A compact, profoundly inspiring book that captures the spirit of Nelson Mandela, distilling the South African leader’s wisdom into 15 vital life lessons.
We long for heroes and have too few. Nelson Mandela, who recently celebrated his ninety-fourth birthday, is the closest thing the world has to a secular saint. He liberated a country from a system of violent prejudice and helped unite oppressor and oppressed in a way that had never been done before.
Now Richard Stengel, the editor of Time magazine, has distilled countless hours of intimate conversation with Mandela into fifteen essential life lessons. For nearly three years, including the critical period when Mandela moved South Africa toward the first democratic elections in its history, Stengel collaborated with Mandela on his autobiography, Long Walk to Freedom, and traveled with him everywhere. Eating with him, watching him campaign, hearing him think out loud, Stengel came to know all the different sides of this complex man and became a cherished friend and colleague.
In Mandela’s Way, Stengel recounts the moments in which “the grandfather of South Africa” was tested and shares the wisdom he learned: why courage is more than the absence of fear, why we should keep our rivals close, why the answer is not always either/or but often “both,” how important it is for each of us to find something away from the world that gives us pleasure and satisfaction—our own garden. Woven into these life lessons are remarkable stories—of Mandela’s childhood as the protégé of a tribal king, of his early days as a freedom fighter, of the twenty-seven-year imprisonment that could not break him, and of his fulfilling remarriage at the age of eighty.
This uplifting book captures the spirit of this extraordinary man—warrior, martyr, husband, statesman, and moral leader—and spurs us to look within ourselves, reconsider the things we take for granted, and contemplate the legacy we’ll leave behind. (Summary and book cover courtesy of goodreads.com)
There were some aspects of this book that I enjoyed a lot and some aspects I found frustrating. The “life lessons” were sometimes relevant and sometimes seemed geared to too young an audience. This may be cynicism coming through, but some items were over-simplified.

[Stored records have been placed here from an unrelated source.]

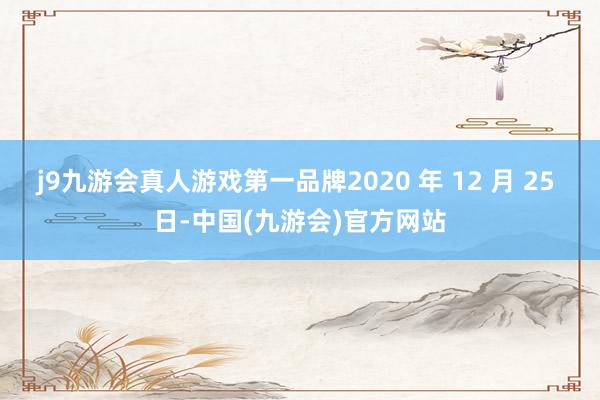 j9九游会真人游戏第一品牌2020 年 12 月 25 日-中国(九游会)官方网站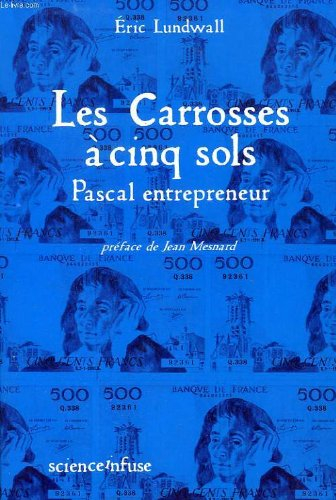 Les Carrosses à cinq sols : Pascal entrepreneur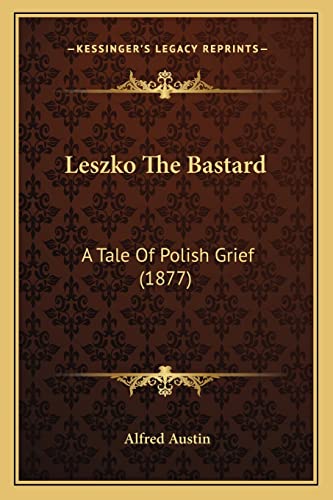Leszko The Bastard: A Tale Of Polish Grief (1877) (9781164831389) by Austin, Alfred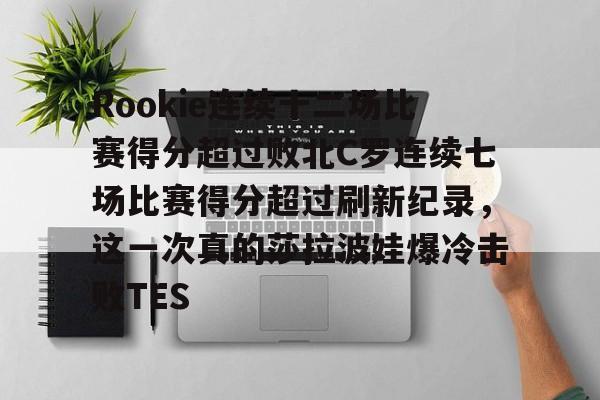 BB体育官网-关于Rookie连续十二场比赛得分超过败北C罗连续七场比赛得分超过刷新纪录，这一次真的莎拉波娃爆冷击败TES的信息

That aside, I learned a LOT about Mandela’s life and the discrete stories in each chapter were fascinating. Stengel does a fantastic job boiling down a lifetime of memories to a short book without watering down Mandela’s character. Some weaknesses were acknowledged and I appreciated the effort to try to separate the public figure from the private figure at times. This kept Mandela from being portrayed too much of a secular god.
I’d recommend this book as a good/quick overview, but I will be looking forward to reading more in depth biographies in the future.
Rating: 3 stars!
Who Should Read It? Folks looking for a quick overview of Mandela’s life.